B&C Borrowers Find It Hard To Catch Up with Late Bills
When servicing lower credit-rated home loan customers, lenders need to remember that these are people who haven't saved a lot to get them through a rainy day.
"By the time they have stopped paying their mortgage, you are competing with a lot of other creditors," said Scott Conradson, a senior vice president at Ocwen Federal Bank who spoke at the recent MBA Mortgage Servicing Conference.
Subprime borrowers are more likely to get behind on their monthly payments and are more likely to have trouble catching up when they are behind, he said.
They are also less likely than conventional borrowers to return calls from a collection counselor, making it more difficult for servicers to work with them to resolve problems.
In addition, subprime borrowers are more likely to skip tax and insurance bills than conventional borrowers, so lenders need to be prepared to make force payment. In Ocwen's case, only about a quarter of its loan servicing portfolio has escrow accounts for tax and insurance purposes.
This can cause problems, or "create noise," in the servicing system if the borrower makes a late payment and the lender has already force placed payment.
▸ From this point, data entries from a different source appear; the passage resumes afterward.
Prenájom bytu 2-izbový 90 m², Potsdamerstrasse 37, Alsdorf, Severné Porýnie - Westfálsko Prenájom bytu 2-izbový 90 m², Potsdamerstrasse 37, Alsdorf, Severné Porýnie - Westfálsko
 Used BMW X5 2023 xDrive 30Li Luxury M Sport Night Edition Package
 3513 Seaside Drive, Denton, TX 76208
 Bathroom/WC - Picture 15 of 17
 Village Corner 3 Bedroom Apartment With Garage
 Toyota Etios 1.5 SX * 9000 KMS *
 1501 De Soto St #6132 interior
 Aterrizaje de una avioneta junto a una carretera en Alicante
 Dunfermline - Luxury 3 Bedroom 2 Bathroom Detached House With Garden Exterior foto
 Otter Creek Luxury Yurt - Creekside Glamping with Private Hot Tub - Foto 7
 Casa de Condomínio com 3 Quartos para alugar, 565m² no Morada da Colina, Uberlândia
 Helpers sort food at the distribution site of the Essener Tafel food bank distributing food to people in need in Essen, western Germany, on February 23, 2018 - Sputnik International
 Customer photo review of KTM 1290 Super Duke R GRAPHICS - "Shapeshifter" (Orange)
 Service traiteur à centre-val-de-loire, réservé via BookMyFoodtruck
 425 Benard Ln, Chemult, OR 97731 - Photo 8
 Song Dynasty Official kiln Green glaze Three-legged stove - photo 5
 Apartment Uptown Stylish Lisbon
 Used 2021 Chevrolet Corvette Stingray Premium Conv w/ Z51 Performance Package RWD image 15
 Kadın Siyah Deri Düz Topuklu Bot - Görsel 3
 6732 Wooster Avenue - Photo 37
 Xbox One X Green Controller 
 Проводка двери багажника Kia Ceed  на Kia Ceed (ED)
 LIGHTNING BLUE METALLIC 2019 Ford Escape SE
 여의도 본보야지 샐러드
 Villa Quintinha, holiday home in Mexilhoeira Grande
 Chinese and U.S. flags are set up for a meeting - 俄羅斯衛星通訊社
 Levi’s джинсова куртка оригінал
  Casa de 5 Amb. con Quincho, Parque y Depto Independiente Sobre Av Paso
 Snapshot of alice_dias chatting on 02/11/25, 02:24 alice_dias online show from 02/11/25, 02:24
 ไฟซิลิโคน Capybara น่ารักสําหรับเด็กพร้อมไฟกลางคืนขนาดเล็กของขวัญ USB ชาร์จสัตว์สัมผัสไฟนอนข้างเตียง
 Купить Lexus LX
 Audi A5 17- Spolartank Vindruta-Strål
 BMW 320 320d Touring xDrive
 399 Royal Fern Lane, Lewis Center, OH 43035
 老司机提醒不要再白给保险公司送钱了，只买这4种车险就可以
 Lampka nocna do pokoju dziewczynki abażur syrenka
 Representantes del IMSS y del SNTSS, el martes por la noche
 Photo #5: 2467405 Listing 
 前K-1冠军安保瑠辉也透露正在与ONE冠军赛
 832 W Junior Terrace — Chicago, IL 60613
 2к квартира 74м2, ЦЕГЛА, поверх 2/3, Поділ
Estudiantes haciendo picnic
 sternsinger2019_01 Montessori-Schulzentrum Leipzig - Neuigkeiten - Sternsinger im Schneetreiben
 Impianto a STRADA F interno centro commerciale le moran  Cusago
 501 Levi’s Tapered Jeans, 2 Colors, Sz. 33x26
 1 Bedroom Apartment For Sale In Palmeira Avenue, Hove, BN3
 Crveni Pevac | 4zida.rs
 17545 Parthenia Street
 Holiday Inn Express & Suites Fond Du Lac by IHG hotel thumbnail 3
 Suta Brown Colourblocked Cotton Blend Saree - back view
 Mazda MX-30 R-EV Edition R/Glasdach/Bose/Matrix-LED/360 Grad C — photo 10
Mr. Conradson urged lenders to focus on "enabling" technology such as predictive dialers, best-time-to-call software, workforce management, scripting engines, call recording and automated skip tracing to make collection efforts more efficient.
Ocwen also has started using behavioral models to evaluate borrower payment patterns as well. Some borrowers may not need early intervention as much as others, he notes.
Ocwen is particularly alarmed by borrowers who miss their first scheduled payment, because these early defaults are costly in the secondary market.
"First payment default is something we pay a lot of attention to," he said.